- Gachiani Location within Kvemo Kartli Gachiani Location within Georgia
- Coordinates: 41°18′55″N 45°07′31″E﻿ / ﻿41.31528°N 45.12528°E An approximate geographical area.
- Country: Kingdom of Iberia
- Mkhare: Kvemo Kartli
- Capital: Armazi

= Gachiani =

Gachiani (გაჩიანი) was a historical city and district in Lower Iberia/Kvemo Kartli in southeast Georgia. Its exact location and boundaries remain unclear.

== History ==
The medieval tradition of Leonti Mroveli ascribes the foundation of Gachiani to an eponymous mythic lord, Gachios, son of Kartlos. The 10th-century Armenian historian Ukhtanes of Sebastia places Gachiani (Gajenaget) in what he refers to as the Plain of Georgians (Vrac' Dašt) and considers it to be a later name of the earlier town of Tsurtavi (C'urtaw). On the other hand, the early 18th-century Georgian scholar Prince Vakhushti of Kartli locates Gachiani on the right bank of the river Ktsia.

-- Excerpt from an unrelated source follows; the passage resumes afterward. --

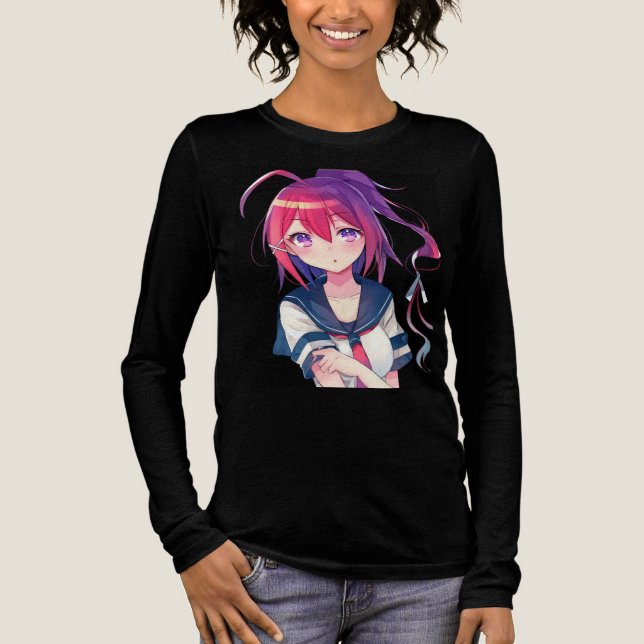 Cute anime girl 🤩 Tri-Blend shirt (Front)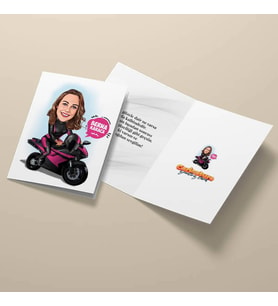 Kişiye Özel Motora Binen Kadın Karikatürlü Tebrik Kartı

The land of Gachiani was one of the marshlands between ancient Iberia (Georgia) and Armenia and changed its masters more than once in the course of history. It formed part of the Iberian duchy of Samsvhilde in the 4th-3rd century BC, but its southwest portion was annexed to the Armeno-Georgian principality of Gogarene in the 4th century, and then briefly fell under the Armenian Bagratid control in 888 and 914/8. Its later history is essentially the same as that of Samshvilde and the district southwest of Tbilisi in general. Currently, Gachiani is a name of the predominantly Azerbaijani-populated village in Georgia's Gardabani district.